━━━━━ DATA SECTION ━━━━━
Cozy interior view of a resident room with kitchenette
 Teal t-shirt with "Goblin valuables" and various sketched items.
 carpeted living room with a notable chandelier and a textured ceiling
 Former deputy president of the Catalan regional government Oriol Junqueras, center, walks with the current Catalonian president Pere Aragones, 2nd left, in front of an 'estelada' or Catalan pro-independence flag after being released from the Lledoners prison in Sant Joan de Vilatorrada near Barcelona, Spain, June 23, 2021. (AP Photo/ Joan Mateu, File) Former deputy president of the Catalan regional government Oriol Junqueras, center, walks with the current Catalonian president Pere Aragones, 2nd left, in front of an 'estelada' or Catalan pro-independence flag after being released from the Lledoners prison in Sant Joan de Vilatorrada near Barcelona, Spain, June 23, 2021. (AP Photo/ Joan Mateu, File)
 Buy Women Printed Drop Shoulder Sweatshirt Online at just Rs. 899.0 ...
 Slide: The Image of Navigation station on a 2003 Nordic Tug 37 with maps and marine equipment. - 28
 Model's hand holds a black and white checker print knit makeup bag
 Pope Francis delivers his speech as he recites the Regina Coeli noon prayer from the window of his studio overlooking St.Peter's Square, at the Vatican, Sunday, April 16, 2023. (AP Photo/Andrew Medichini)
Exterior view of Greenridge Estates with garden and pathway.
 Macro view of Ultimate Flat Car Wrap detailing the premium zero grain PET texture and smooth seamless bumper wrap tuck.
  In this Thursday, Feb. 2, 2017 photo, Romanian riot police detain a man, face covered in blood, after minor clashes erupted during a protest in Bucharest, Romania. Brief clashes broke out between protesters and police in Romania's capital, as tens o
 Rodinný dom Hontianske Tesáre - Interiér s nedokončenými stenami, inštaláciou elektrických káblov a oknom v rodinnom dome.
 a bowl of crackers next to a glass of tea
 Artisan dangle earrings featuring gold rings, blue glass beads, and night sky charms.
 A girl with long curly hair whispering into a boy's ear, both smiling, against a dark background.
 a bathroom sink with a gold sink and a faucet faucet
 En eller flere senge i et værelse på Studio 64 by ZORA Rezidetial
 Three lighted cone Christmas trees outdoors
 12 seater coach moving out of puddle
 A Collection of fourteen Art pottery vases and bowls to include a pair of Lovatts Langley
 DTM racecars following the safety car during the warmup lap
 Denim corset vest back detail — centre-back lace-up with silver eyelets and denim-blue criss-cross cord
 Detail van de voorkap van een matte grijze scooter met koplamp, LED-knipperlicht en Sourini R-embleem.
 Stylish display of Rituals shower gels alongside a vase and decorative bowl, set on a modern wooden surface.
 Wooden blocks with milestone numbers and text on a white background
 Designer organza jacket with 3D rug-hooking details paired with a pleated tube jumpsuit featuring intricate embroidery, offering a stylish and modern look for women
━━━━━
_DIRECTIONS_:
Search the entries above for the word "gold" and copy each line where it appears.

_TASK ANSWER_:
 Artisan dangle earrings featuring gold rings, blue glass beads, and night sky charms.
 a bathroom sink with a gold sink and a faucet faucet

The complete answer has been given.